CHS Barrier Free Education Project releases Beyond Ableism and Audism: Achieving Human Rights For Deaf and Hard of Hearing Citizens
Toronto, ON (October 3, 2011) The Canadian Hearing Society (CHS) is pleased to announce the release of Beyond Ableism and Audism: Achieving Human Rights For Deaf and Hard of Hearing Citizens. The report http://www.chs.ca/beyond_audism authored by Dr. H-Dirksen L. Bauman, Professor, Deaf Studies Coordinator, Bilingual Teaching and Learning at Gallaudet University, supports the highlights and recommendations made by the Ministry of Education’s Document Realizing the Promise of Diversity: Ontario’s Equity and Inclusive Educational Strategy.
The Barrier-Free Education Project is an initiative funded by the Ministry of Education. Dr. Barbara O’Dea, Project Manager and Gary Malkowski, Special Advisor to President, Public Affairs at CHS coordinate the distribution of information to all publicly funded schools in Ontario in order to remove all systemic barriers that impede student achievement and student success for students who Deaf, or hard of hearing.
“I want to express how grateful we are for the Ontario Ministry of Education’s commitment and support for our Barrier-Free Education Project. I encourage administrators, educators, students, parents, and community partners, who provide leadership and support, to use this report as a resource,” says Chris Kenopic CHS President and CEO.
“This report will further enhance the Ministry of Education’s vision of an equitable, vibrant school system that facilitates the removal and prevention of attitudinal barriers and celebrates barrier-free education for students who are culturally Deaf, oral Deaf deafened and hard of hearing across Canada.”
The Canadian Hearing Society (CHS) was incorporated in 1940 to provide services, products and information to culturally Deaf, oral deaf, deafened, and hard of hearing people and to educate the hearing public. CHS is governed by a board of directors, the majority of whom are deaf, deafened, or hard of hearing. The organization is funded by government, internal revenue generation including fundraising, and the United Way.
Unique in North America, CHS offers a complete roster of essential services under one roof through 27 offices including sign language interpreting to bridge the gap between Deaf and hearing people; one-on-one language development for deaf children using play as the medium of learning; employment services; sign language instruction; speechreading training; and, the most complete range of communication devices that assist and augment communication including TTYs (text telephones), visual smoke detectors, baby monitors and alarm clocks.

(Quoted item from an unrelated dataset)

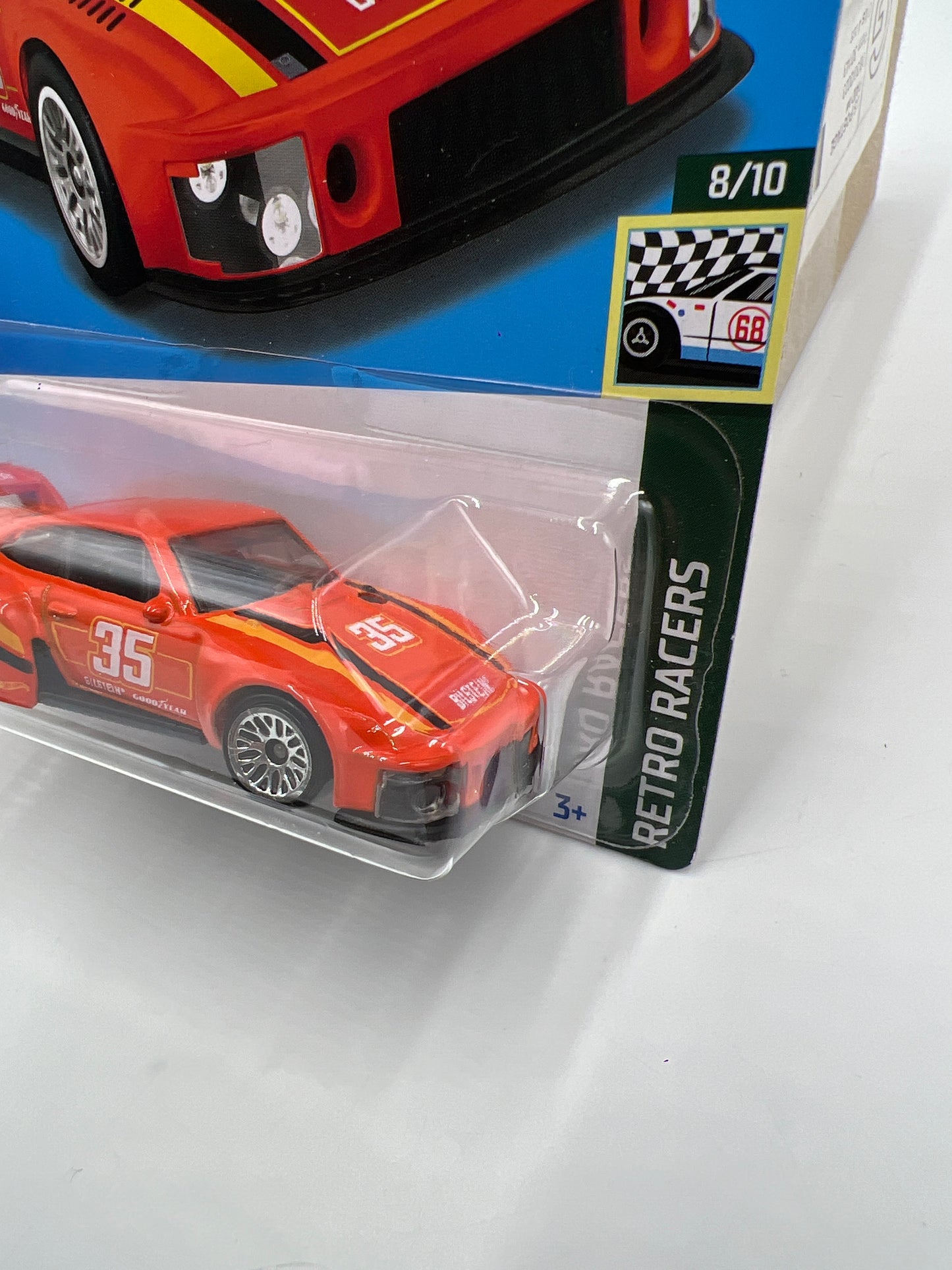 2022 Hot Wheels Porsche 935 #132 Best Buy Exclusive Orange 240B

Language is a powerful tool – it both shapes and is shaped by ideas, perceptions and attitudes. And it’s these very attitudes that can pose the most difficult barriers for people who are culturally Deaf, oral deaf, deafened, and hard of hearing.

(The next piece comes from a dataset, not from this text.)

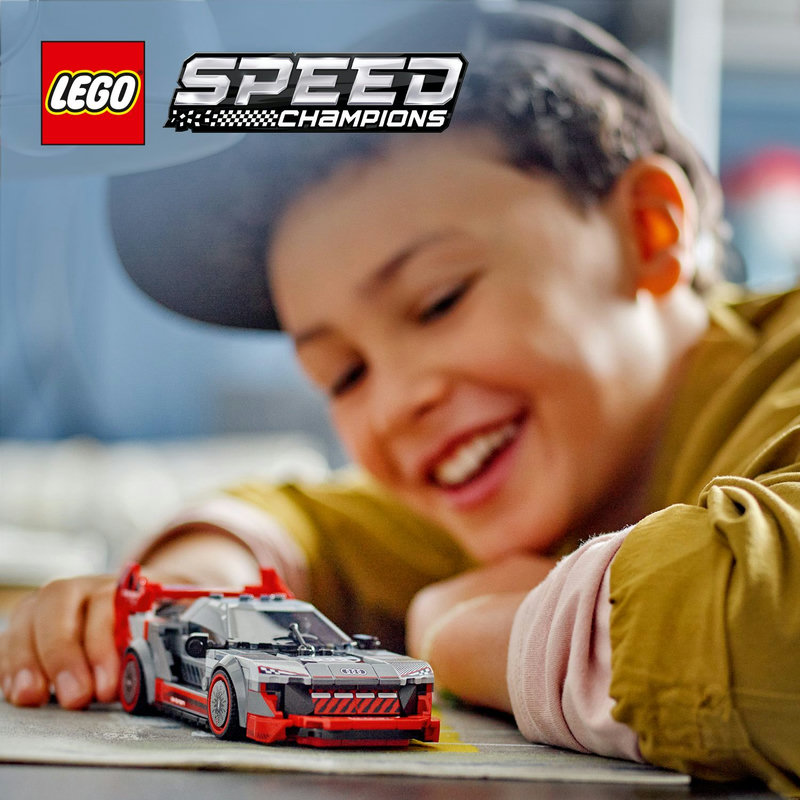 LEGO® yapım parçalarıyla bir Audi modeli inşa edin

The following terms describe people, their language of communication and self-identification. As an organization which serves these communities and educates the hearing public, we avoid using terms such as “hearing impaired” or “normal or abnormal hearing” or colloquialisms such as “falling on deaf ears.”
Culturally Deaf: This term refers to individuals who identify with and participate in the language, culture, and community of Deaf people, based on sign language. Deaf culture, indicated by a capital “D,” does not perceive hearing loss and deafness as a disability, but as the basis of a distinct cultural group. Culturally Deaf people may also use speechreading, gesturing, spoken language, and written English to communicate with people who do not sign.

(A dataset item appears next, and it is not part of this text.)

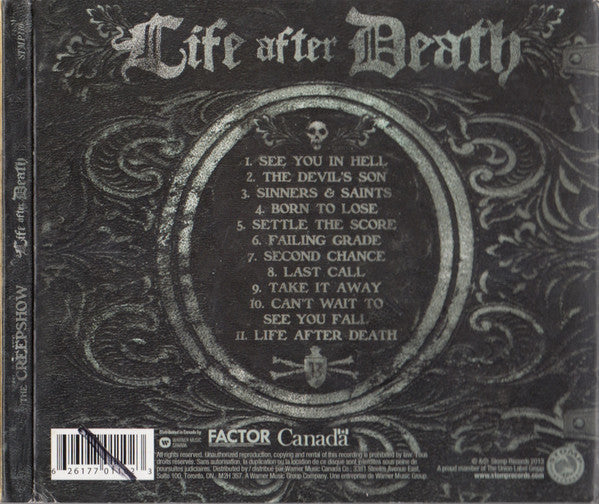 USED CD - The Creepshow – Life After Death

Oral deaf: This term is generally used to describe individuals with a severe to profound hearing loss, with little or no residual hearing. Some deaf people use sign language such as American Sign Language (ASL) or Langue des signes québécoise (LSQ) to communicate. Others use speech to communicate, using their residual hearing and hearing aids, communication devices or cochlear implants, and lipreading or speechreading.
Deafened: This term describes individuals who grow up hearing or hard of hearing and, either suddenly or gradually, experience a profound hearing loss. Deafened adults usually use speech with visual cues such as captioning or computerized note-taking, speechreading or sign language.
Hard of Hearing: This term is generally used to describe individuals whose hearing loss ranges from mild to severe, and occasionally profound. Hard of hearing people use speech and residual hearing to communicate, supplemented by communication strategies that may include speechreading, hearing aids, sign language and communication devices. The term “person with hearing loss” is increasingly used and preferred by this constituency.